What you should do: Set down, word for word, the stretch of lines from the one containing "Maison Perpignan - 6 chambres - 365m²" to the end of the records below.

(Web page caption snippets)

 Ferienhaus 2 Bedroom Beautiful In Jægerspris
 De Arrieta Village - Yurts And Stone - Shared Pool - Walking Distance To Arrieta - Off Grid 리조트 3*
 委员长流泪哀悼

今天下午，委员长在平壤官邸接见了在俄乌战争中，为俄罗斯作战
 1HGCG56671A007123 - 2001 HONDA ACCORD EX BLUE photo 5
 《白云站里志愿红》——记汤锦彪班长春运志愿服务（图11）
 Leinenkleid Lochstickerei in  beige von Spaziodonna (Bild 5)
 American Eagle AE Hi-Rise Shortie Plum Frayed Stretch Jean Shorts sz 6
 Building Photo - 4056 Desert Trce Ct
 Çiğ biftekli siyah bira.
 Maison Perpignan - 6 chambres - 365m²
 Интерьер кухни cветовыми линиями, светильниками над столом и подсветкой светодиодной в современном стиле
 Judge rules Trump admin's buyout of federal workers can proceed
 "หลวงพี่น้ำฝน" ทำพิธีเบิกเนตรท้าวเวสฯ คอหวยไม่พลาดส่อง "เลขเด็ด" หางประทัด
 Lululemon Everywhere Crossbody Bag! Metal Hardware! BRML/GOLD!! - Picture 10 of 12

Solution:
 Maison Perpignan - 6 chambres - 365m²
 Интерьер кухни cветовыми линиями, светильниками над столом и подсветкой светодиодной в современном стиле
 Judge rules Trump admin's buyout of federal workers can proceed
 "หลวงพี่น้ำฝน" ทำพิธีเบิกเนตรท้าวเวสฯ คอหวยไม่พลาดส่อง "เลขเด็ด" หางประทัด
 Lululemon Everywhere Crossbody Bag! Metal Hardware! BRML/GOLD!! - Picture 10 of 12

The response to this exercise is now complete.